##### Collected material

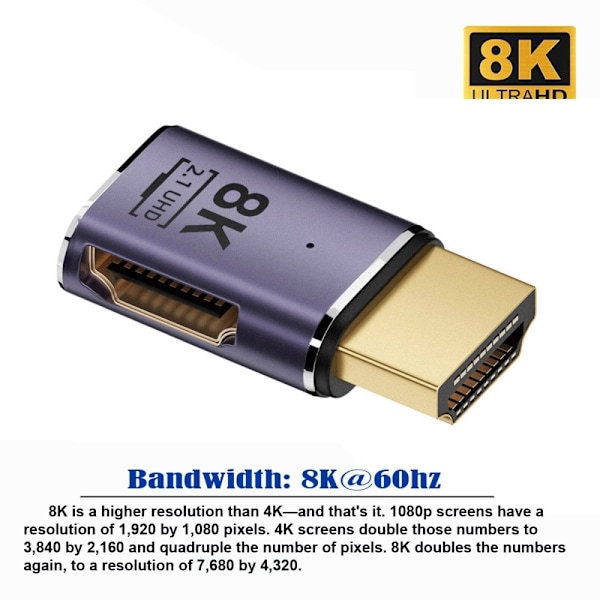 HDMI Hane - HDMI 2.1 Hona 8K 60Hz UHD Adapter Blå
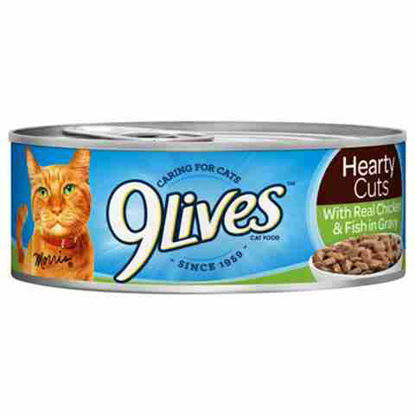 Picture of 9 LIVES CAT FOOD HEARTY CUTS WITH REAL CHICKEN N FISH GRAVY 5.5OZ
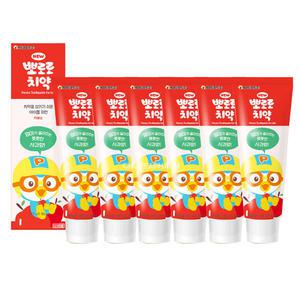 뽀로로 치약 90g 6개 사과향/저불소 유아 어린이 키즈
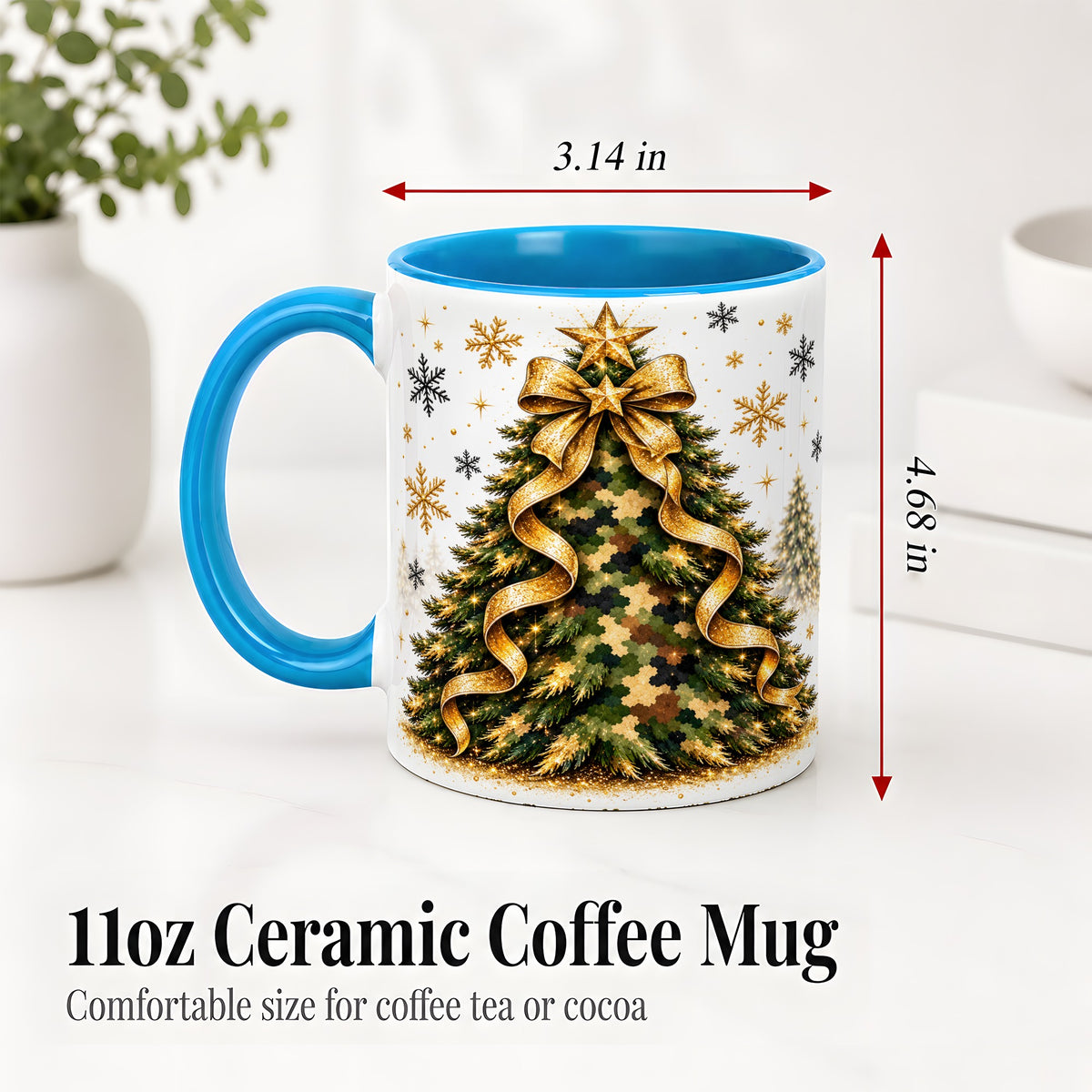 #pl[11oz|Blue] Camo Christmas Tree Ceramic Mug, Gold Holiday Coffee Cup Artwork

##########

:: What is expected ::
Copy verbatim the span that opens at the line with "뽀로로 치약 90g 6개 사과향/저불소 유아 어린이 키즈" and closes at the final line of the listing. Do not carry over any pictures.

:: Response to this task ::
 뽀로로 치약 90g 6개 사과향/저불소 유아 어린이 키즈
 #pl[11oz|Blue] Camo Christmas Tree Ceramic Mug, Gold Holiday Coffee Cup Artwork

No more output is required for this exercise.